The timbers catch and the rafters are blazing cannibals bleeding smoke, great jaws chomping themselves to splinters, and the door that once held faithfully against the knocking knuckles of postmen and delivery boys is a stack of ready lacquered firewood, and the house is Hell as it is described: _the lake which burns with fire and brimstone. The second death. _Of brimstone it stinks, and char on bones, and things that want to be dead, and raw phosphorous vileness.

It is all dark, sleepy, breathless, the street outside. The cobblestones gleam odes to the moon.

Then it no longer is, for the house rises in flame. Rises like the sun. Rises like a revolution. Rises like the bloom of spring, twisting lily flames swallowing the butterflies whole.
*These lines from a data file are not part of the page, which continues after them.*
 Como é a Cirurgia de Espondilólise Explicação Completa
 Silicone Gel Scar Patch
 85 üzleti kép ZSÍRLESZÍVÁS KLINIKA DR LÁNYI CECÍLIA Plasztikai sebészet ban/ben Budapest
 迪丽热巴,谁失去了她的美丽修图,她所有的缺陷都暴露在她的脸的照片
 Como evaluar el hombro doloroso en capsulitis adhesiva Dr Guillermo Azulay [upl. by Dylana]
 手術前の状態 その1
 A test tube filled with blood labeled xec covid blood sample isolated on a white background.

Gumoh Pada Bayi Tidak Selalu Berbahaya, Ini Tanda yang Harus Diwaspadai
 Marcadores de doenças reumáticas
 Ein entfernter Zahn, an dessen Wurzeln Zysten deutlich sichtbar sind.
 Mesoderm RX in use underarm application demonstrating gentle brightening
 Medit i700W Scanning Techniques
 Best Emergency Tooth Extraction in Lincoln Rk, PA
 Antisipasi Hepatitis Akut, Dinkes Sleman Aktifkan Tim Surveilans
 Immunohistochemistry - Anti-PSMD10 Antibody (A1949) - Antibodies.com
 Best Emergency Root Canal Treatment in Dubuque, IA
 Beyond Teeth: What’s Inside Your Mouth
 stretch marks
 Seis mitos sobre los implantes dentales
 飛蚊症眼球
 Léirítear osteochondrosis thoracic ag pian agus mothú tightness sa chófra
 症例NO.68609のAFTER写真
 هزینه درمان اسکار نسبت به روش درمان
And dead ash wafts everywhere, softer than snow. And the furnace begins to melt the windows, so the frames and muntins crack and collapse into the fuel pit, stirring the monster higher. And everyone, everything, in its black confines burns alive—some sobbing, shattering like ceramics, some clutching at blazing maces—mock heroes—some grinning like skulls at the infernal deed, the tangles of hardened ideology.

* * *

**A/N 2, which is significantly shorter:** It looks like the start of a chapterfic, and I have a good mind to continue it once I've decided what's going on. A hero? A member of the Resistance? Someone allied with evil? For now, I only have sketches of an idea what it concerns, but no true idea of a plot. It could also do well as a the prompt of a co-written piece. Anyone interested?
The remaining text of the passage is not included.